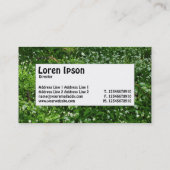 Étiquette du centre - Fleurs de bois (Dos)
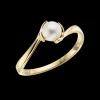 Scrouples Ring i 8 Karat Guld med Ferskvandsperle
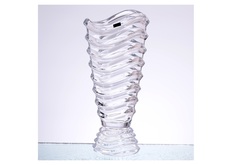 Ваза wave (crystalite bohemia) прозрачный 41 см.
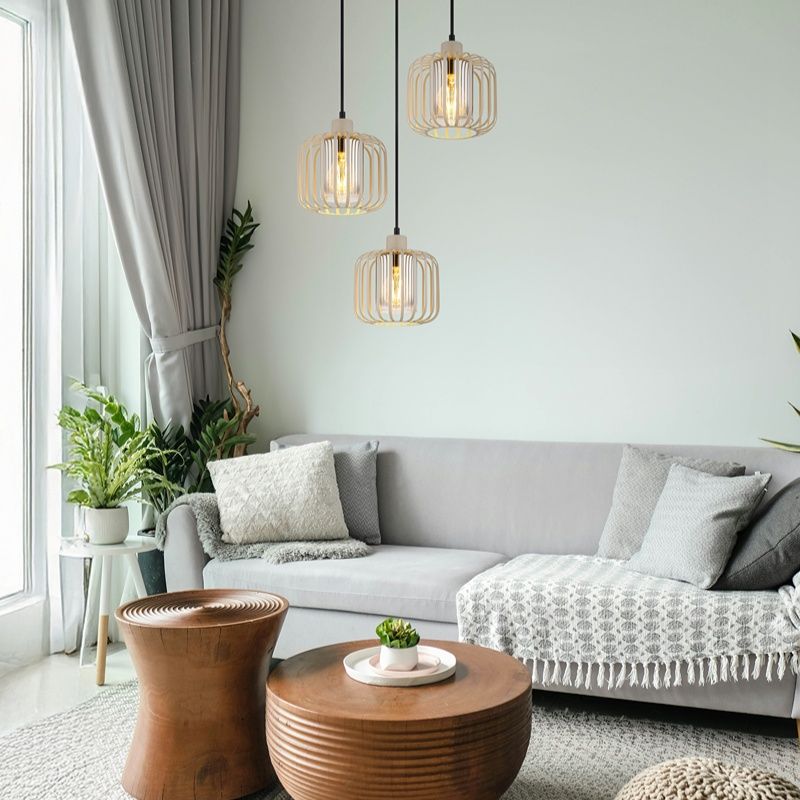 Braune industrielle Pendelleuchte Metall, Abubakar Braune industrielle Pendelleuchte Metall, Abubakar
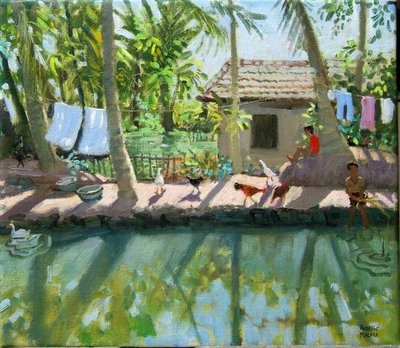 Backwaters, India da Andrew Macara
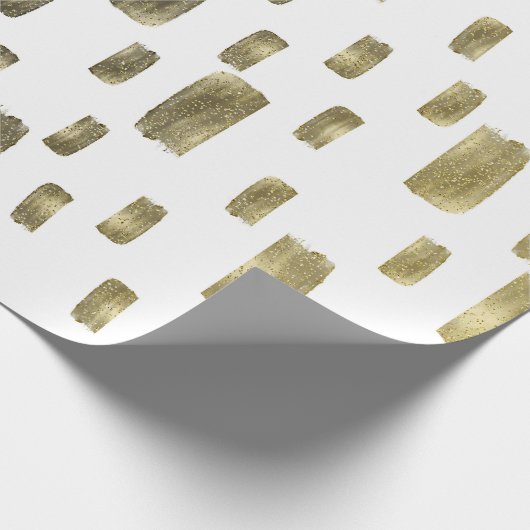 Moderne Pinselstriche Gold Kupferbronze Sparkasse Geschenkpapier (Ecke)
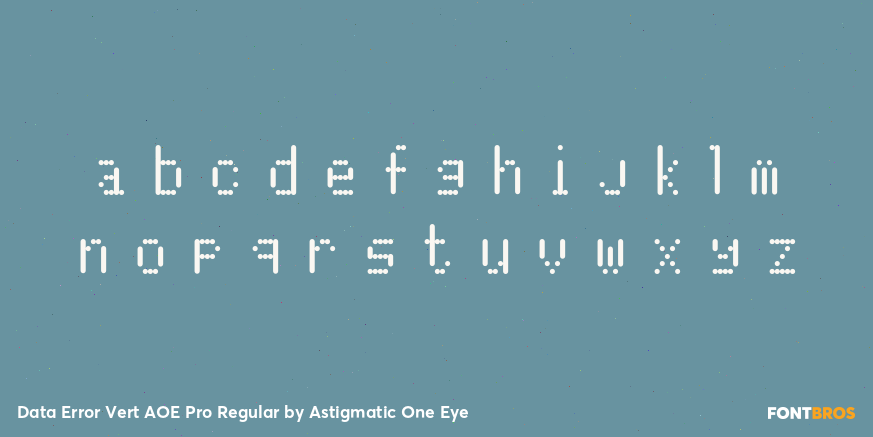 Data Error Vert AOE Pro Regular Font Poster #3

====

- **TASK DIRECTIONS**: Reproduce each line of the records above, exactly and without pictures.

- **TASK RESULT**:
 Étiquette du centre - Fleurs de bois (Dos)
 Scrouples Ring i 8 Karat Guld med Ferskvandsperle
 Ваза wave (crystalite bohemia) прозрачный 41 см.
 Braune industrielle Pendelleuchte Metall, Abubakar Braune industrielle Pendelleuchte Metall, Abubakar
 Backwaters, India da Andrew Macara
 Moderne Pinselstriche Gold Kupferbronze Sparkasse Geschenkpapier (Ecke)
 Data Error Vert AOE Pro Regular Font Poster #3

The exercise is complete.